### Information provided ###

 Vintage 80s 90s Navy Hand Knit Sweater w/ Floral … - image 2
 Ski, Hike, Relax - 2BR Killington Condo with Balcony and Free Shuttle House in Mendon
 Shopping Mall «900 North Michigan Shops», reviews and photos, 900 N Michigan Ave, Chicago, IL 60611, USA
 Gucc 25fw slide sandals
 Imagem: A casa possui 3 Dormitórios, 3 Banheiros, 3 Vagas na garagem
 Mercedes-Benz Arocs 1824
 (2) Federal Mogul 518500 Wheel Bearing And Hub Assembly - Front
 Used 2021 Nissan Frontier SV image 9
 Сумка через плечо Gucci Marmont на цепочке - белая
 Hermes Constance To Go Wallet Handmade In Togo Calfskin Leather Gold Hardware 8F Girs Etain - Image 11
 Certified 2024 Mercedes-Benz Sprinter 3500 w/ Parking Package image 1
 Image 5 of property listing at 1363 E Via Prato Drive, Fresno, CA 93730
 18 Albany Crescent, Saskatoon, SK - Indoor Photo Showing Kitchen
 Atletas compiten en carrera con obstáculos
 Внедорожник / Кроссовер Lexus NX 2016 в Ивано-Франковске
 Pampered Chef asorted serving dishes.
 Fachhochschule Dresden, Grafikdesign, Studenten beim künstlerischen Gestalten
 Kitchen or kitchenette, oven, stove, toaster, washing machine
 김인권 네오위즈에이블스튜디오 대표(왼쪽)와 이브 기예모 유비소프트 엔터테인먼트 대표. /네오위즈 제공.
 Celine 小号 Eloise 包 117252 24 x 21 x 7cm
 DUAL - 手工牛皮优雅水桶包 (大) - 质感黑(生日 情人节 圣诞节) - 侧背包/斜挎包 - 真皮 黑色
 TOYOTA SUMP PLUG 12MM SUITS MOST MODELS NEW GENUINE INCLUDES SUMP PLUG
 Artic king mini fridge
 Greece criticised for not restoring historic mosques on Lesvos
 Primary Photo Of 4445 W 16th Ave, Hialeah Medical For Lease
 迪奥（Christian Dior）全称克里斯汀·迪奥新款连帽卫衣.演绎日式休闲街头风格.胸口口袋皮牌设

###

* **Task goal**
Using the entries above, output exactly the lines between the line holding "Сумка через плечо" and the line holding "김인권 네오위즈에이블스튜디오 대표(왼쪽)와", end lines included, and nothing more.

* **Result below**
 Сумка через плечо Gucci Marmont на цепочке - белая
 Hermes Constance To Go Wallet Handmade In Togo Calfskin Leather Gold Hardware 8F Girs Etain - Image 11
 Certified 2024 Mercedes-Benz Sprinter 3500 w/ Parking Package image 1
 Image 5 of property listing at 1363 E Via Prato Drive, Fresno, CA 93730
 18 Albany Crescent, Saskatoon, SK - Indoor Photo Showing Kitchen
 Atletas compiten en carrera con obstáculos
 Внедорожник / Кроссовер Lexus NX 2016 в Ивано-Франковске
 Pampered Chef asorted serving dishes.
 Fachhochschule Dresden, Grafikdesign, Studenten beim künstlerischen Gestalten
 Kitchen or kitchenette, oven, stove, toaster, washing machine
 김인권 네오위즈에이블스튜디오 대표(왼쪽)와 이브 기예모 유비소프트 엔터테인먼트 대표. /네오위즈 제공.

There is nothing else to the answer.